About this exercise:
Reproduction without pictures: print every entry precisely as written.

Source records:
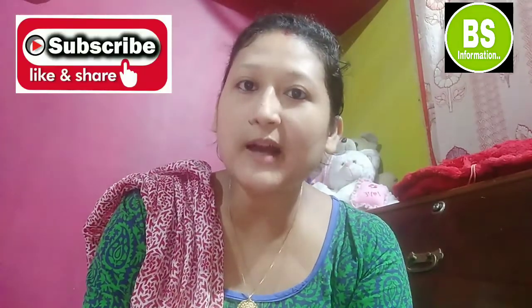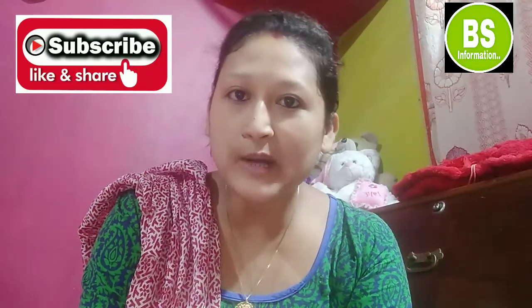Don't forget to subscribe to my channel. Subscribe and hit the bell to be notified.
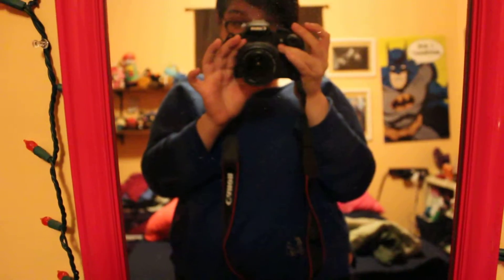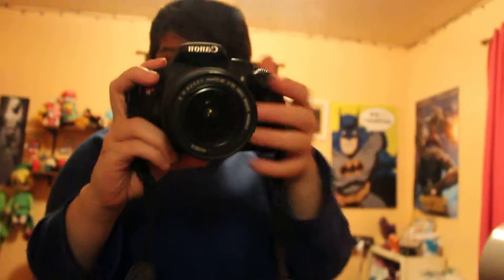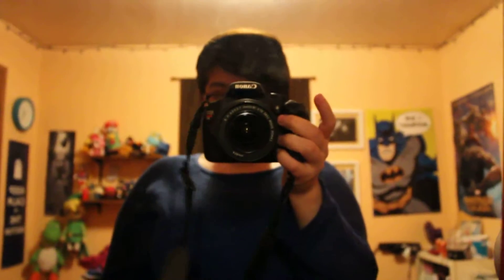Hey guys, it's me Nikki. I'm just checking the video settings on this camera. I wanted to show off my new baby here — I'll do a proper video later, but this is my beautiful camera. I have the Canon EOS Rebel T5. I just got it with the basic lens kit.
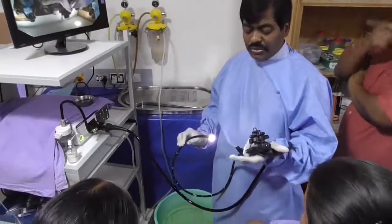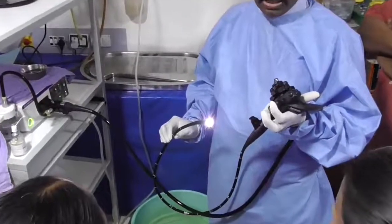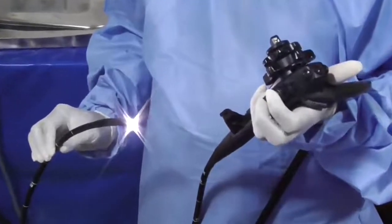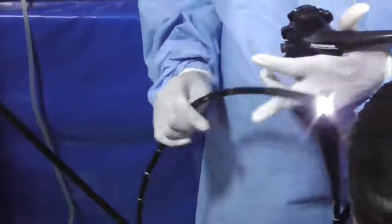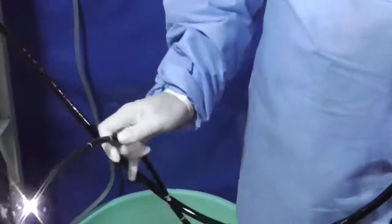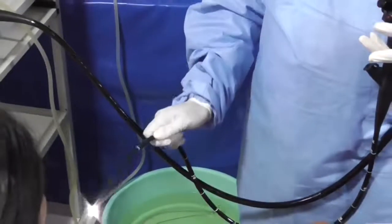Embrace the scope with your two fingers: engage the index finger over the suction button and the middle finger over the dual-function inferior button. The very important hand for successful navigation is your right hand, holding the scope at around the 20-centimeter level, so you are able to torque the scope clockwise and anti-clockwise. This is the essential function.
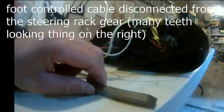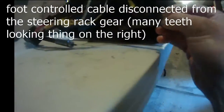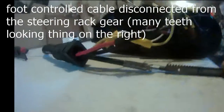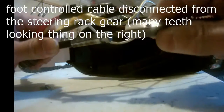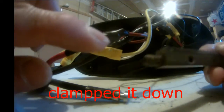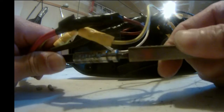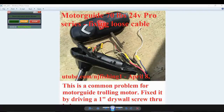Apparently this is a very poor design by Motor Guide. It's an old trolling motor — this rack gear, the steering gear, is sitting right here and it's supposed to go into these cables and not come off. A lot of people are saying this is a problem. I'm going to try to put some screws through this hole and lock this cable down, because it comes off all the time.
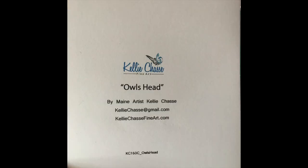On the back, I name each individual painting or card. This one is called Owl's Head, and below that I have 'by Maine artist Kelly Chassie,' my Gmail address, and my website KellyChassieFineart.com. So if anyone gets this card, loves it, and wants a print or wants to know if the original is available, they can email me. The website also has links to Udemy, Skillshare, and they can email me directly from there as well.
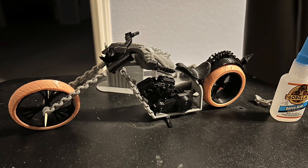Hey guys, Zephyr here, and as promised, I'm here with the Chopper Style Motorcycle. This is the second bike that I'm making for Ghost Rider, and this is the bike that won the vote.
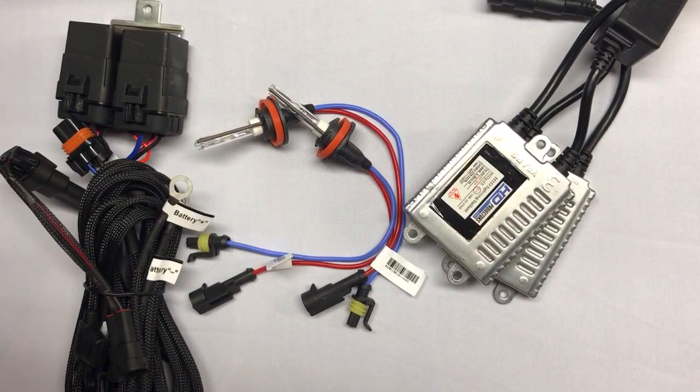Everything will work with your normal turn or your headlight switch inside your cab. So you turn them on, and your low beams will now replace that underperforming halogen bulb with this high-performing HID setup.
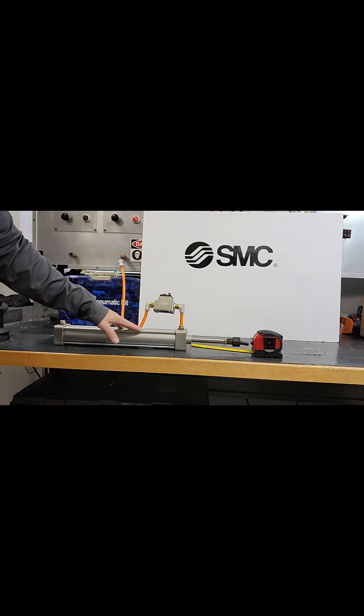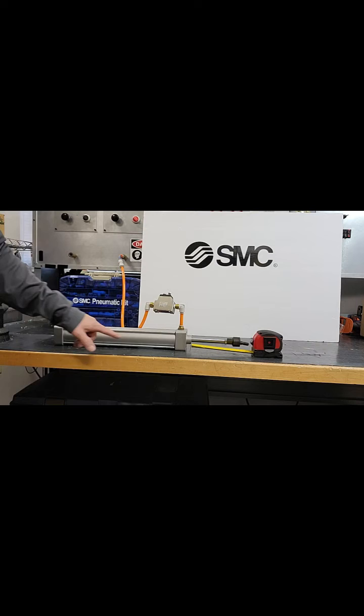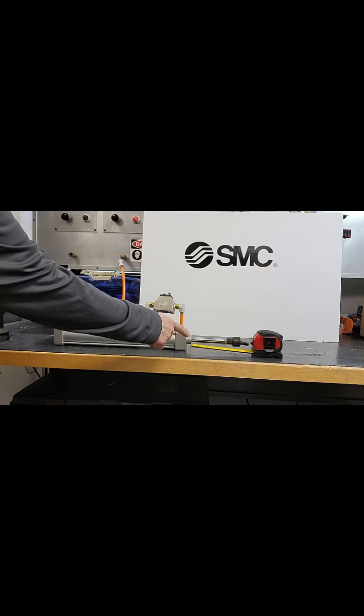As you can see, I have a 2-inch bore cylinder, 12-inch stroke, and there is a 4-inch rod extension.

Solution to this problem:
Don't forget to subscribe to my channel. Subscribe and hit the bell to be notified.
Hey guys, it's me Nikki. I'm just checking the video settings on this camera. I wanted to show off my new baby here — I'll do a proper video later, but this is my beautiful camera. I have the Canon EOS Rebel T5. I just got it with the basic lens kit.
Embrace the scope with your two fingers: engage the index finger over the suction button and the middle finger over the dual-function inferior button. The very important hand for successful navigation is your right hand, holding the scope at around the 20-centimeter level, so you are able to torque the scope clockwise and anti-clockwise. This is the essential function.
Apparently this is a very poor design by Motor Guide. It's an old trolling motor — this rack gear, the steering gear, is sitting right here and it's supposed to go into these cables and not come off. A lot of people are saying this is a problem. I'm going to try to put some screws through this hole and lock this cable down, because it comes off all the time.
On the back, I name each individual painting or card. This one is called Owl's Head, and below that I have 'by Maine artist Kelly Chassie,' my Gmail address, and my website KellyChassieFineart.com. So if anyone gets this card, loves it, and wants a print or wants to know if the original is available, they can email me. The website also has links to Udemy, Skillshare, and they can email me directly from there as well.
Hey guys, Zephyr here, and as promised, I'm here with the Chopper Style Motorcycle. This is the second bike that I'm making for Ghost Rider, and this is the bike that won the vote.
Everything will work with your normal turn or your headlight switch inside your cab. So you turn them on, and your low beams will now replace that underperforming halogen bulb with this high-performing HID setup.
As you can see, I have a 2-inch bore cylinder, 12-inch stroke, and there is a 4-inch rod extension.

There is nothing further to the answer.